1. Introduction
Accurately estimating the six-degree-of-freedom (6-DoF) of objects is a critical task in various applications, including robotics, autonomous driving, and virtual reality. For instance, the precise estimation of spatial coordinates and rotational orientation of an object is essential for robotic tasks such as manipulation, navigation, and assembly. However, achieving robustness in 6-DoF detection remains a challenging problem. In real-world applications, numerous object types exhibit significant occlusions and variations in lighting conditions. Due to the increasing reliability of new RGB-D image sensors, the 6-DoF detection of visual targets based on multi-source image information is flourishing. Researchers have explored a number of ways
[1,2,3][1][2][3] to fuse RGB image data and depth image data to guide 6-DoF detection of visual targets with impressive accuracy. Different research teams are employing various framework approaches to investigate solutions for the 6DoF pose estimation problem. Some focus on the overall algorithmic framework, while others delve into efficient feature extraction.

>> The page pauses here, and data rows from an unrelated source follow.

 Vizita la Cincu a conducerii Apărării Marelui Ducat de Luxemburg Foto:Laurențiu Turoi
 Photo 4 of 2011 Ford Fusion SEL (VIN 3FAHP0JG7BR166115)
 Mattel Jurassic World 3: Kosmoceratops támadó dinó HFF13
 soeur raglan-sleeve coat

Regarding the problem of object pose estimation, previous approaches predominantly employed adaptive matrices to tackle this issue. However, with the rise of convolutional neural networks (CNN) and transformers, deep learning (DL) based methods are used to solve the 6-DoF estimation problem. There are two main types of DL-based frameworks for 6D attitude estimation of objects: end-to-end architectures
[4,5][4][5] and two-stage segmentation-pose regression architectures
[6,7][6][7]. End-to-end models integrate multiple stages of visual processing steps into a single model; therefore, their networks are less complex and computationally intensive. A single network processes pixel information from the image to deduce the region where the candidate target is located and its corresponding 6DoF pose information. The internal structure and decision-making process of this neural network are more hidden, less interpretable, and more difficult to train. On the other hand, the two-stage segmentation-pose regression architecture first segments the visual target from the scene and then obtains the pose of the visual target in the scene by regression. This method is able to focus on the visual target being detected and exclude interference from the background, resulting in more reliable results.

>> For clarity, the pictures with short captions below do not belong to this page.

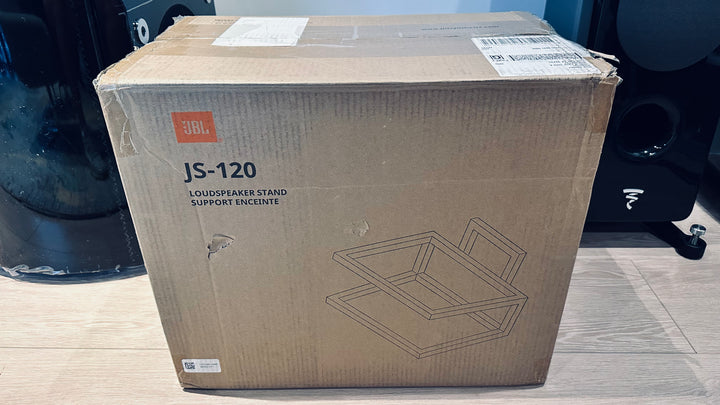 JBL JS-120 Speaker Stand for L100 Stereo Speakers MINT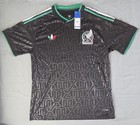 Adidas Mexico National Team Soccer Jersey Large Black Green Red White
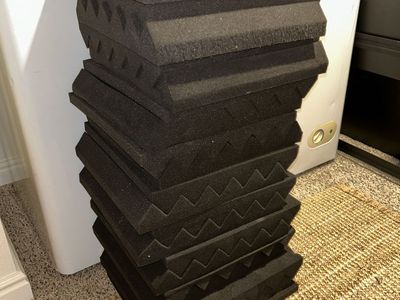 Acoustic foam pads, brand new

In the process of 6DoF pose estimation through image features, there have been numerous prior efforts. Some have employed manually designed features (such as SIFT) to extract object characteristics for subsequent pose regression. However, the limited quantity of manually designed features might lead to failures in pose regression. Depth images provide dense features, yet enhancing the robustness of these depth features remains an unsolved challenge. Solely relying on RGB or depth information addresses only one facet of the problem. Thus, the approach leverages the fusion of RGB-D data to accomplish the task. Prior research has made significant strides in exploring the fusion of RGB and depth images. A multitude of studies have delved deeply into various techniques and algorithms aiming to effectively exploit the complementary information these modalities provide. However, despite these commendable efforts, achieving seamless integration between RGB and depth images remains an ongoing and formidable challenge. Existing methods often grapple with the intricate task of synchronizing the two modalities accurately, resulting in less than optimal fusion outcomes. Moreover, inherent differences in intrinsic features between RGB and depth data, including variations in lighting conditions and occlusions, further amplify the complexity of the fusion process. As such, continuous research and innovation are urgently needed to elevate the fusion of RGB and depth images in target pose detection to new heights.
2. Enhancing 6-DoF Object Pose Estimation
2.1. Feature Representation
In vision tasks, the representation of image features plays a crucial role in various applications, including visual target recognition and detection. In the context of target pose estimation, it is essential for the features of visual targets to exhibit robustness against translation, rotation, and scaling. Additionally, these features should possess local descriptive capabilities and resistance to noise.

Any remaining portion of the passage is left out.